Der Timer erweckt wie immer um 6.30 Uhr meine Anlage zum Leben. Roni Size schmettert sein „Feel the heat“ aus den Boxen und lässt mich aus dem Deckenknäuel aufschrecken.
Der automatische Griff zum Lautstärkeregler bleibt aus, gestern erst habe ich um zwei Stunden verschlafen, oder war das vorgestern, oder am Tag davor…
“Teardrop on the fire...", das ist nicht Roni Size.
„Scheiße!“
7.52 Uhr.
Ich springe aus den aufgewühlten Laken und zerre die alte Boxershort über meine Beine.
„Telefon, wo ist das scheiß Telefon?“
Die Nummer des Büros tippen meine Finger automatisch, zu oft musste ich sie in den letzten Wochen wählen.
„Quazi Designs Burschels“, sagt Olli am anderen Ende der Leitung.
„Ja, ich bins Jo.“
„Hey Jo, was is Ambach?“
“Jau Mann bin voll Phase, hab verpennt.”
„Das wird den Alten aus der Boxe hauen Mann!“
„Sag, ich mach quick.“
„Alles klar“, Olli ist ein guter Kumpel.
Ich hetze ins Badezimmer.
„Scheiße!“, Kissenfalten auf meiner rechten Gesichtshälfte.
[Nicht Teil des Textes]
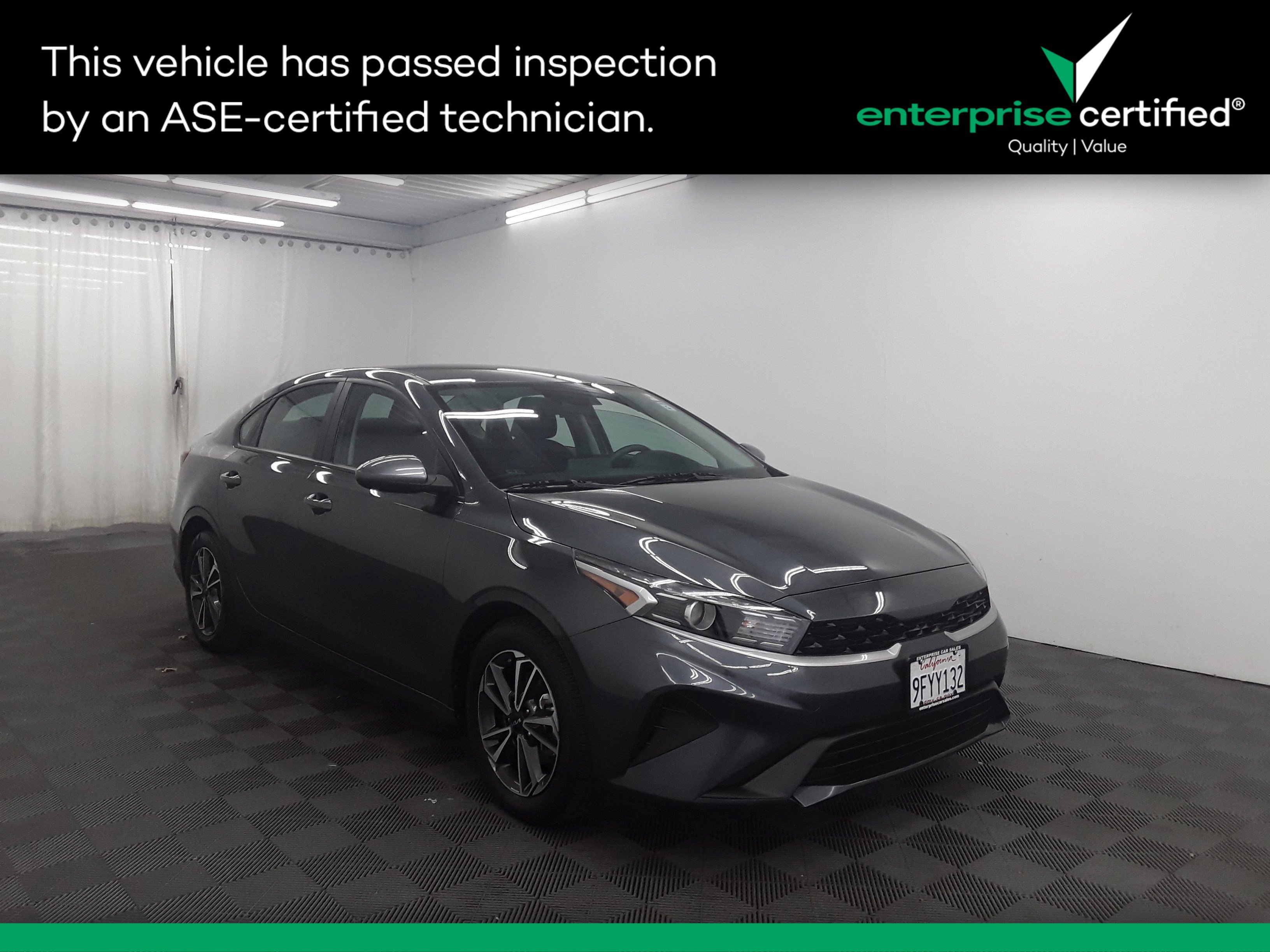 Used 2023 Kia Forte LXS IVT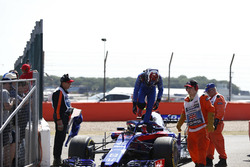 Pierre Gasly, Scuderia Toro Rosso STR13 stops on track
So kann ich nicht los, also hab ich einen kleinen Spielraum.
Ich greife zum Toiletten-Papier um mir die Nase zu putzen.
„Rolle leer, Mist!“
Zum Glück liegt ein Paket Tempos auf der Ablage, muss Marion hier vergessen haben. Ich zerre eins heraus und presse den Dreck aus meiner Nase. Ein komisches Quietschen ertönt in meinem Gehörgang und aus dem Augenwinkel sehe ich mein verstörtes, ungebügeltes Gesicht im Spiegel.
Ein Blick ins Taschentuch sagt eine Menge über den gestrigen Abend. Blutkrusten, ich muss mal wieder vom Gas gehen.
Ich atme tief ein, um mein Riechorgan zu testen.
„Johannes.“
„Hä?“
Nichts ist zu hören.
Noch einmal ziehe ich die Luft durch meine Nase.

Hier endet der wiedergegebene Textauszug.